Provo is pretty freightening, especially now that UVSC is using Katanas--the flying mosquito. Summer is pretty ugly. Bountiful, or Toole is a lot less crowded.
Good luck and don't crash.
 
I instruct out of G&B, at Bountiful Skypark.
It's a pretty good school. Last year we produced more private pilots than other other school along the wasatch front.
 
I was down at PVU a few months ago and I couldn't believe the traffic. Not to mention some intructor who was calling himself "Evolution 123". I didn't realize what an Evolution was until I got on the ground and saw it painted on the side of a Katana.
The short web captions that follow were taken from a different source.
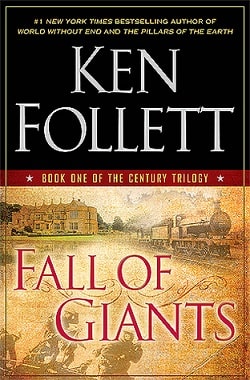 Fall of Giants (The Century 1) by Ken Follett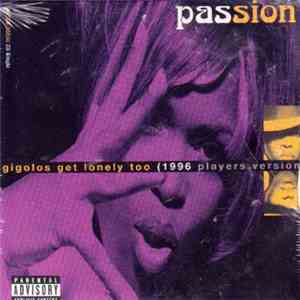 Passion - Gigolos Get Lonely Too (1996 Players Version) download flac mp3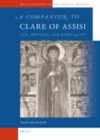 Image for A companion to Clare of Assisi: life, writings, and spirituality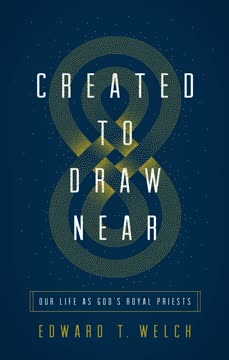 Created to Draw Near Summary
This fool needs to stop thinking "big" and just call himself a Katana so us folks know what to look for! Thankfully there were some nice folks in the pattern who realized I was a "tad" faster and let me get in on the ILS.
 
My school has TCAS in the planes, it got so crazy when I went solo there that I had to turn it off! The girl who was following me in with a second plane started freakig out, I had to talk her down. GOOD TIMES

Only place I've flown with crazier airspace is Compton California, as in "Straight outta compton a young n++++ named ice cube!"

theres some crazy stuff!
 
Another thing about this freak fest. They have only one active runway. It doesn't matter what the wind is doing, where the sun is at, how the planets are aligned or anything else. It's 13 or nothing. Forget about 31, 18 and 36. They are strictly for aesthetic purposes. Forget it about it if you're in some tail wind critical Lear or something. Winds could be 310 at 10 and we'll still be using 13.

I can't wait for the tower...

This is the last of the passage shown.